Le message sous-jacent est qu’« un homme musulman ne peut pas se marier ou vivre avec une femme hindoue », a-t-il déclaré, ajoutant qu’un musulman et un hindou « ne peuvent même pas être vus ensemble ».
Tout couple hindou-musulman est considéré comme une cible idéale pour les attaques des militants de l’Hindutva. Les attaques contre les relations interconfessionnelles et les mariages se sont fortement multipliées depuis l’arrivée au pouvoir du BJP en mai 2014.
En effet, les militants de l’Hindutva colportent des théories du complot islamophobes pour diaboliser les musulmans. Les hommes musulmans sont accusés de participer au « jihad de l'amour », c'est-à-dire de courtiser et d'attirer des femmes hindoues en leur promettant un mariage afin de les convertir à l'islam. En plus du « jihad d’amour », les hommes musulmans sont accusés de conspirer contre les hindous en menant le « jihad de la terre », le « jihad du coronavirus » et le « jihad des stupéfiants ».
Les couples hindous-musulmans ne sont pas les seuls à être la cible des campagnes de haine de l’Hindutva. Toute interaction entre hindous et musulmans ou fusion de leurs cultures est mal vue par les extrémistes hindous.
Les écoles ne sont pas autorisées à faire « des prières interconfessionnelles parce que l’invocation d’Allah ou de Khuda ne peut pas être accompagnée d’une ode à un dieu ou une déesse hindoue, ou encore que les enfants hindous ne peuvent même pas être autorisés à voir une mosquée », a déclaré Apoorvanand. « Les musulmans ne peuvent pas être les voisins des hindous.

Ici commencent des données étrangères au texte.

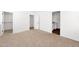 Spacious bedroom with neutral carpet, a walk-in closet, and a bathroom vanity with a mirror at 16875 N 12Th St # 33, Phoenix, AZ 85020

Les magasins musulmans ne peuvent pas proposer de marchandises portant le nom de dieux hindous, et les musulmans ne peuvent pas être autorisés à faire des affaires à l’extérieur d’un temple lors d’une occasion religieuse hindoue.

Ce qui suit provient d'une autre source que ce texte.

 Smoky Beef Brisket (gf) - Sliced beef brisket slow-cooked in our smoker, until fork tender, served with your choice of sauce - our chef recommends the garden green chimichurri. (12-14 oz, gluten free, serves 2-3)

Selon Apoorvanand, la décision de porter la question du nom de la lionne devant les tribunaux est loin d'être « folle ». Il s’agit « en fait d’une action bien réfléchie » menée par des militants de l’Hindutva « visant à transformer ou à déformer l’imagination des hindous ».
La réponse de l’État à la ridicule pétition du VHP est tout aussi alarmante. Au lieu de le jeter hors du tribunal et de frapper les requérants sur les doigts pour avoir fait perdre du temps au tribunal, un juge unique de la Haute Cour a non seulement admis le plaidoyer, mais a également demandé aux autorités de renommer le lion et la lionne. L'affaire a même fait sensation : l'officier forestier principal Prabin Agrawal, qui aurait inscrit les noms du lion et de la lionne comme Akbar et Sita dans le registre d'expédition avant de les envoyer au Bengale occidental depuis Tripura, a été suspendu.

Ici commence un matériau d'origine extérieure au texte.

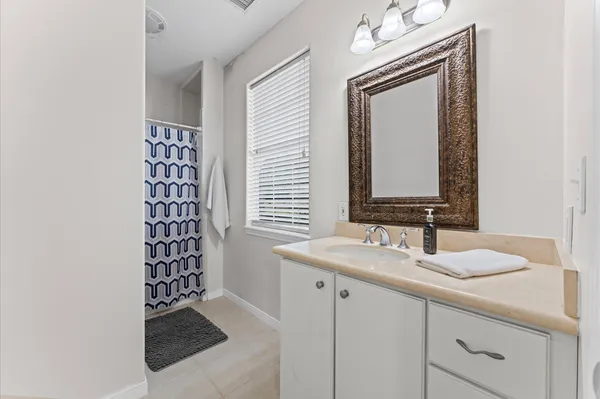 a bathroom with a sink a vanity and a mirror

À l’approche des élections générales, la possibilité que « les militants de l’Hindutva intensifient leurs efforts pour polariser la société » ne peut être exclue, a déclaré un parlementaire du Trinamool Congress (TMC) au Diplomat. La controverse sur les noms du lion et de la lionne doit être considérée dans ce contexte, a-t-il déclaré.
Le VHP a accusé le Bengale occidental, dirigé par le TMC, d’avoir nommé Akbar et Sita. Cependant, il semble que le couple de chats ait été nommé dans Tripura, géré par le BJP. Le BJP et le TMC sont des rivaux acharnés et se préparent à une féroce bataille électorale.
La vie d'un couple interreligieux, en particulier d'un couple hindou-musulman en Inde, est devenue de plus en plus difficile au cours de la dernière décennie. La récente polémique entre un lion « musulman » et une lionne « hindoue » montre que la vie n'est pas non plus facile pour le roi de la jungle.
Dernièrement entendu, Akbar et Sita ont été séparés et placés dans des enclos différents.